Tau: data as typed functions of time

Most timeseries databases are tables that happen to be sorted by a timestamp column. tau starts from the other side: a series is a function, and the database is the place those functions live.

The premise

Pick up most timeseries databases, Influx, Timescale, even Prometheus, and the underlying picture is the same: rows in a table, indexed by (series_id, timestamp). Whatever query language sits on top eventually compiles down to “scan a sorted column and aggregate”. Time is a coordinate.

tau is built on a different reading. Time is not a coordinate, it’s the domain of the function. A series is a partial function S_T : ℤ ⇀ T from integer nanoseconds since epoch to a typed value, and the database is a runtime for those functions. Operations like unit conversions or returns aren’t queries; they’re morphisms over the function.

This isn’t dressing-up. It changes how the storage engine, the query model, and the runtime are organised.

Partial functions, not sparse tables

The core type, in src/core/entities.zig, is straightforward:

pub const Timestamp = i64; // nanoseconds since epoch

pub const TimeDomain = struct {
    start: Timestamp,
    end:   Timestamp,
};

pub fn Series(comptime T: type) type {
    return struct {
        label:   [32]u8,
        domain:  TimeDomain,
        segments: std.ArrayListUnmanaged(SegmentType),
        // ...
        pub fn at(self: *const Self, timestamp: Timestamp) ?T { /* ... */ }
    };
}

at returns ?T. Not T with a sentinel. Not interpolated. Not “last value seen”. If there is no observation at that timestamp, you get null, full stop. The mathematical model is a partial function: S_T(τ) = v_i when there exists an i such that t_i = τ, and S_T(τ) = ⊥ (undefined) otherwise.

The reason this matters: the moment a database starts inventing values for timestamps you didn’t write, you’ve lost the ability to distinguish “no data” from “zero” from “previous value still holds”. Every analytic that runs on top has to either know which interpolation rule was applied or stop trusting the answer. tau pushes that decision back to the caller. Want last-value-carry-forward? You write that lens explicitly, and it’s a function from ?T to T that you can read.

The domain: TimeDomain field is a fast pre-filter: any timestamp outside [start, end] is rejected without touching segment data. It’s not metadata about what’s in the series, it’s an existential bound on what the function is even defined over.
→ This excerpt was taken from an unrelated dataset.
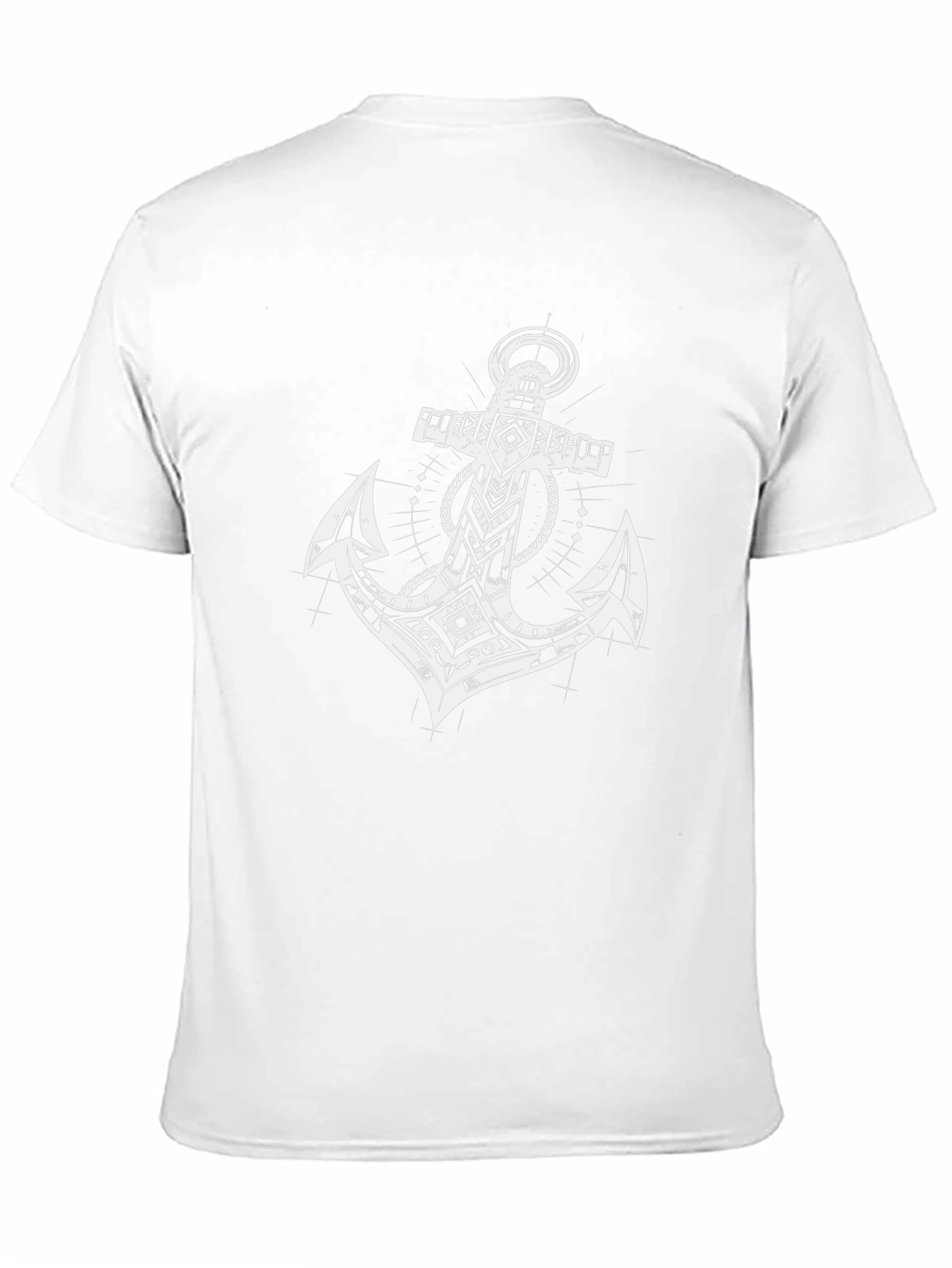 Tribal Anchor Graphic Black T-Shirt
Comptime generics make this cheap

Because Series(T) is a Zig comptime generic, every series is monomorphised to its element type. The compiler knows the size of T at every callsite. The columnar segments, two contiguous arrays, times: []Timestamp and values: []T, pack tightly with no interleaving and no per-element indirection.

pub fn Segment(comptime T: type) type {
    return struct {
        times:  []Timestamp,
        values: []T,
        count:  u32,
        // ...
    };
}

Point lookup is O(log n) binary search over times. The values array is never touched until a hit is confirmed. The min/max timestamps are stored in the segment header, so contains(ts) rejects out-of-range queries without looking at the array at all.

A series is a list of segments, default cap 1M points each, so writes never have to rewrite a giant buffer. Lookups walk the segment list with the contains() early exit and binary-search inside the matching one.

Lenses are morphisms

If a series is a function, the natural thing to compose with it is another function. tau calls these lenses:

pub fn Lens(comptime Out: type) type {
    return struct {
        context:     *const anyopaque,
        at_function: *const fn (*const anyopaque, Timestamp) ?Out,

        pub fn init(
            comptime In: type,
            source: *const Series(In),
            comptime transform: *const fn (In) Out,
        ) Self { /* ... */ }

        pub fn compose(
            self: *const Self,
            comptime NewOut: type,
            comptime new_transform: *const fn (Out) NewOut,
        ) Lens(NewOut) { /* ... */ }
    };
}

The construction is the bit of Zig I’m proudest of in the project. init builds an inline Adapter struct in comptime that captures the source Series(In) and the transform function, then erases both into *const anyopaque plus a function pointer. From the outside, Lens(Out) has one type. Inside, every lens is a specialised closure with no virtual dispatch, no allocation, and no copying of the underlying series.

A lens reflects mutations in its source automatically (there’s a test for exactly that), because it’s a view, not a snapshot. Composition is function composition lifted over the partial function: f: A → B, g: B → C, lens.compose(C, g) gives Lens(C) with g ∘ f. Null propagates, if the source returns null at a timestamp, the chain returns null.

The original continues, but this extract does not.